At the risk of attracting an enormous amount of political/militant/erectile dysfunctional plutocrats looking to stash cash spam, I assure you I did not take this risk lightly, I have to share my discovery of a  post written by a thoughtful young man. While political in nature, the post is interesting, to me at least, for a couple of reasons. First, the language he uses.

This isn’t a fight over moral credibility or standing. If we were truly living up to the Kennedy Doctrine of “pay[ing] any price, bear[ing] any burden, meet[ing] any hardship, support[ing] any friend, oppos[ing] any foe, in order to assure the survival and the success of liberty” then we probably should have been in the Congo decades ago. We probably shouldn’t have kiss-on-the-cheek relations with Saudi Arabia, a country that institutionally discriminates against women and minorities. We probably should be examining why, in our own country, we provide billions in tax breaks to corporations while children starve in our inner cities and rural communities. If we’re all of a sudden taking a moral stance, we’re a bit late to the party.

That’s not to say that the sins of our past should prevent repentance in the future. But what form is that repentance to take? Which side in Syria is going to assure the survival and success of liberty? Which side is planning to provide women with equal rights and ensure religious minorities are not persecuted? Which side is planning a more equitable distribution of wealth and opportunity? How many civilians will die from collateral damage and how many more soldiers will lose their limbs and lives for an outcome that may result in an even worse future state?

The language in particular which I find most interesting is in the first sentence of each paragraph. The words in particular are fight, moral, sins, and repentance.

This isn’t a fight over moral credibility or standing.

That’s not to say that the sins of our past should prevent repentance in the future.

The article is well written. It contains links to support the author’s main points and I agree with the author that we are, as he asserts, “a bit late to the party” with our moral certitude, but as you may well know by now, I do not take a political perspective on these matters, but a human one. A human perspective for the very reasons that, I am human and I often find myself fascinated by human behaviors that contradict what we say. For instance, most people say they want to enjoy life, liberty, and the pursuit of happiness. Most people say they think that everyone should have the right to do so. Yet our behavior suggests that we don’t care at all about those ideals. Instead it seems we care about struggling for power and making others suffer for that struggle. Now, if only one or two people are doing this, I say we crowdsource a way to get their mean asses to knock it off so the rest of us can get on with the pursuit of happiness. Unfortunately, I suspect the number of people who enjoy a power struggle is more than a few.

Another reason this post is interesting, besides the fact that when I read it reblogged on Millennial Veteran Project, only a spammer and one other blogger had “liked” it, is that I discovered it purely by accident through a link of someone who “liked” a post I wrote.
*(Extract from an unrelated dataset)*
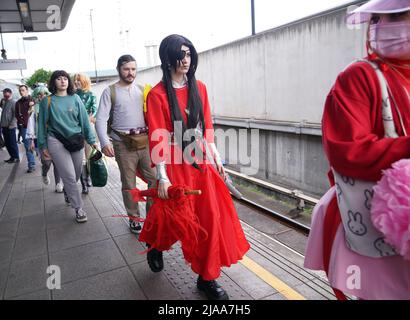 Cosplayer auf dem Bahnsteig am Bahnhof Canning Town auf der MCM Comic Con im Excel London im Osten Londons. Bilddatum: Sonntag, 29. Mai 2022. Stockfoto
You may not know this, but I check out each human/entity claiming to like something I write. I often ask myself why some topics I write about, topics I believe are important and well presented generate little interest. I ask myself a thousand questions. I won’t list them. Suffice it to say they run the gambit of self-doubt about my writing ability to other, less relevant contentions. The point is that I am noticing some emerging themes that deserve attention. People of all ages question the decisions of leaders to go to war. We aren’t all asking the same questions. We are not consistent in our demand for answers. No doubt, the questions need to be asked and answered even if we cannot seem to come up with answers upon which we can all agree. More importantly, if we don’t engage in the conversation, someone else gets to make decisions for us. Frankly, I don’t like the sound of that one bit.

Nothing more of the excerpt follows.